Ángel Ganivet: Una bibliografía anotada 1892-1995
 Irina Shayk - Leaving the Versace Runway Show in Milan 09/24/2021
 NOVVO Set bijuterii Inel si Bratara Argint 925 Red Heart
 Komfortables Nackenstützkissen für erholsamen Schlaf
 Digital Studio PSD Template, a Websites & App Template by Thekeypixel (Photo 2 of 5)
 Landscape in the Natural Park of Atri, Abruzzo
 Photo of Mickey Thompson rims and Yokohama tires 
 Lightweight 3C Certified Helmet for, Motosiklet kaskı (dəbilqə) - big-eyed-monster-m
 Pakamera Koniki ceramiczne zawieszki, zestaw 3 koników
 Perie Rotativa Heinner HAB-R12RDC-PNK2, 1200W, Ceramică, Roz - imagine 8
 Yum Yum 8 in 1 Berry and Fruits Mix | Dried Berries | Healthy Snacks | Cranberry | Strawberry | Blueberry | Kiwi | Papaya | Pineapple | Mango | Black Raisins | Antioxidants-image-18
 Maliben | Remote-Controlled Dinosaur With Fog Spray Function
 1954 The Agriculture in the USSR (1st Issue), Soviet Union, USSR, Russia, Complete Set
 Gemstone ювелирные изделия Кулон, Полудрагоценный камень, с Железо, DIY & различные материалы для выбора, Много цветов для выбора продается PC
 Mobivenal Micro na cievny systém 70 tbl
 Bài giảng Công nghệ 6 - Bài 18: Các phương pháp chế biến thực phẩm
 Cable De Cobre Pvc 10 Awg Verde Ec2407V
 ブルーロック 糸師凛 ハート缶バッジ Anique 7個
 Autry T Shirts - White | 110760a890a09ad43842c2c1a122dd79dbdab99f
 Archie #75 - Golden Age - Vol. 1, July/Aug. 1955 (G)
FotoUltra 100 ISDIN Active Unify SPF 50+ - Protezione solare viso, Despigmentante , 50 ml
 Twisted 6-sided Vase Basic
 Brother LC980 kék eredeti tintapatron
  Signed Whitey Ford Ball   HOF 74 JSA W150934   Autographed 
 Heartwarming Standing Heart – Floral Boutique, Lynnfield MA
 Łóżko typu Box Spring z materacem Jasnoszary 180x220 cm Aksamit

# WHAT THIS TASK INVOLVES:
Transcribe all the data word for word, as it appears above.

# ANSWER TO THE PROBLEM:
Ángel Ganivet: Una bibliografía anotada 1892-1995
 Irina Shayk - Leaving the Versace Runway Show in Milan 09/24/2021
 NOVVO Set bijuterii Inel si Bratara Argint 925 Red Heart
 Komfortables Nackenstützkissen für erholsamen Schlaf
 Digital Studio PSD Template, a Websites & App Template by Thekeypixel (Photo 2 of 5)
 Landscape in the Natural Park of Atri, Abruzzo
 Photo of Mickey Thompson rims and Yokohama tires 
 Lightweight 3C Certified Helmet for, Motosiklet kaskı (dəbilqə) - big-eyed-monster-m
 Pakamera Koniki ceramiczne zawieszki, zestaw 3 koników
 Perie Rotativa Heinner HAB-R12RDC-PNK2, 1200W, Ceramică, Roz - imagine 8
 Yum Yum 8 in 1 Berry and Fruits Mix | Dried Berries | Healthy Snacks | Cranberry | Strawberry | Blueberry | Kiwi | Papaya | Pineapple | Mango | Black Raisins | Antioxidants-image-18
 Maliben | Remote-Controlled Dinosaur With Fog Spray Function
 1954 The Agriculture in the USSR (1st Issue), Soviet Union, USSR, Russia, Complete Set
 Gemstone ювелирные изделия Кулон, Полудрагоценный камень, с Железо, DIY & различные материалы для выбора, Много цветов для выбора продается PC
 Mobivenal Micro na cievny systém 70 tbl
 Bài giảng Công nghệ 6 - Bài 18: Các phương pháp chế biến thực phẩm
 Cable De Cobre Pvc 10 Awg Verde Ec2407V
 ブルーロック 糸師凛 ハート缶バッジ Anique 7個
 Autry T Shirts - White | 110760a890a09ad43842c2c1a122dd79dbdab99f
 Archie #75 - Golden Age - Vol. 1, July/Aug. 1955 (G)
FotoUltra 100 ISDIN Active Unify SPF 50+ - Protezione solare viso, Despigmentante , 50 ml
 Twisted 6-sided Vase Basic
 Brother LC980 kék eredeti tintapatron
  Signed Whitey Ford Ball   HOF 74 JSA W150934   Autographed 
 Heartwarming Standing Heart – Floral Boutique, Lynnfield MA
 Łóżko typu Box Spring z materacem Jasnoszary 180x220 cm Aksamit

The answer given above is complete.